Location of examples: source/fortran/adios-module/mpivars.F90

MPMD (Multiple Program Multiple Data) mode is when we compose one MPI World from multiple executables. Usually one can launch two executables separately by two MPI launch commands (mpirun, jsrun, aprun, etc.) and each application will have its own world and own MPI_COMM_WORLD communicator. Sharing the world is beneficial if the two codes know about each other and can use MPI for communicating with each other. The cost of preparing your code for MPMD mode is simply to expect other codes be present and avoid using MPI_COMM_WORLD for in-application operations.

ADIOS has specialized solutions to use MPI for the data movement in a stream but it requires MPMD mode. If the steps in a stream is “fixed”, i.e. the list of variables, their definition and the writing/reading patterns are the same in every step, the SSC engine of ADIOS can use one-sided MPI functions to push the data to the consumer quickly. SSC still works if the content of the steps change but needs to spend considerable amount of time to figure out which process of the consumer gets which portion of the data every step.

You don’t need to use MPMD mode at all to get faster communication. RDMA and TCP based solutions are available to communicate between two or more separate concurrent applications (SST and DataMan engines). However, the effort to prepare your code for MPMD mode is very small, and it may come handy some day on some system to use MPI for ADIOS I/O.

Split communicator

The only thing required for MPMD mode is that each application has its own communicator that only includes the processes of that application. MPI_COMM_WORLD includes all processes created in one launch command. Therefore, the application must first create its own “app” communicator and then completely avoid using MPI_COMM_WORLD in the application code.

MPI has an operation for this: MPI_Comm_split. Each application must pick a unique ID (“color”) to distinguish themselves from other applications.
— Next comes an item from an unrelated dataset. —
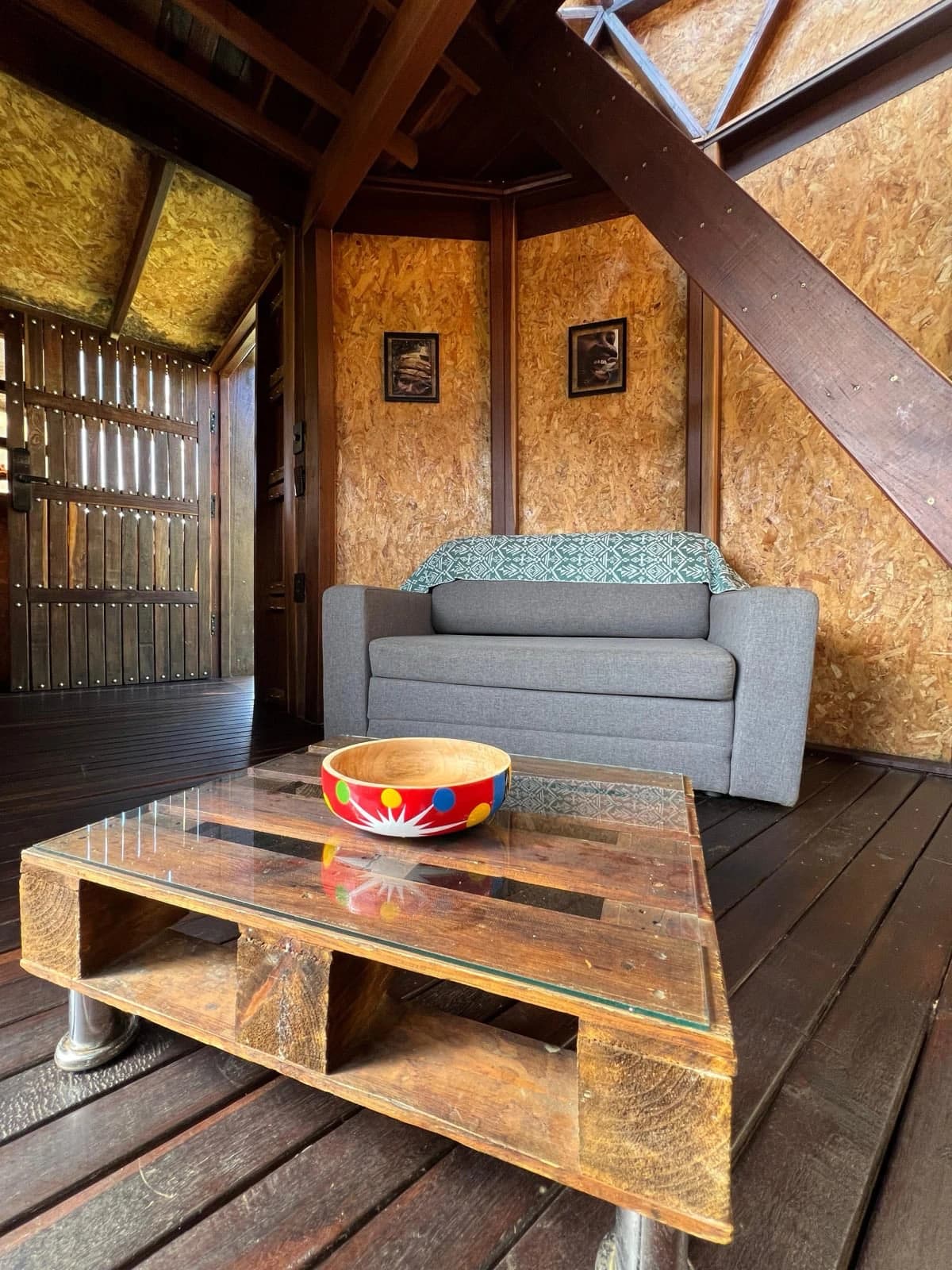 Terraza exterior — Ikuna Glamping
Additionally, every process can pick its new rank in the “app” communicator but the simplest way is to keep the original order of ranks.

integer:: app_comm, rank, nproc
integer:: wrank, wnproc
integer:: ierr
integer, parameter:: color = 7215

call MPI_Init(ierr)
! World comm spans all applications started with the same mpirun command
call MPI_Comm_rank(MPI_COMM_WORLD, wrank, ierr)
call MPI_Comm_size(MPI_COMM_WORLD, wnproc, ierr)
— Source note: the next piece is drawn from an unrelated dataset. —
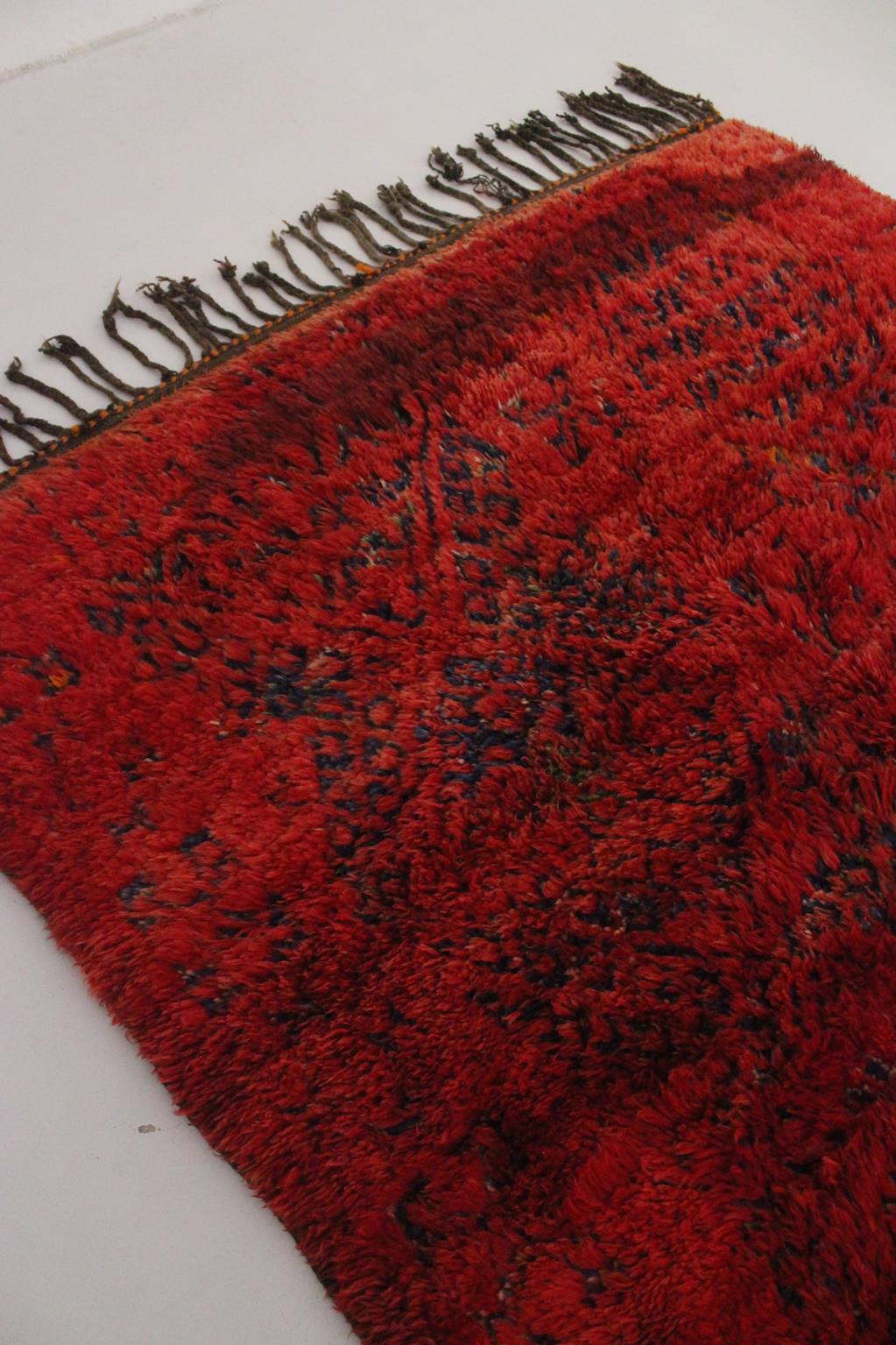 Vintage area moroccan rug - red - Zayane - 5.7x9.4feet / 174x289cm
! Have to split and create a 'world' communicator for this app only
! color must be unique for each application
call MPI_Comm_split (MPI_COMM_WORLD, color, wrank, app_comm, ierr)
call MPI_Comm_rank (app_comm, rank, ierr)
call MPI_Comm_size (app_comm, nproc , ierr)
MPI_Init(&argc, &argv);

int wrank, wnproc;
MPI_Comm_rank(MPI_COMM_WORLD, &wrank);
MPI_Comm_size(MPI_COMM_WORLD, &wnproc);

const unsigned int color = 18325;
MPI_Comm app_comm;
MPI_Comm_split(MPI_COMM_WORLD, color, wrank, &app_comm);

int rank, nproc;
MPI_Comm_rank(app_comm, &rank);
MPI_Comm_size(app_comm, &nproc);
from mpi4py import MPI

color = 3231
wrank = MPI.COMM_WORLD.Get_rank()
wnproc = MPI.COMM_WORLD.Get_size()
app_comm = MPI.COMM_WORLD.Split(color, wrank)
nproc = app_comm.Get_size()
rank = app_comm.Get_rank()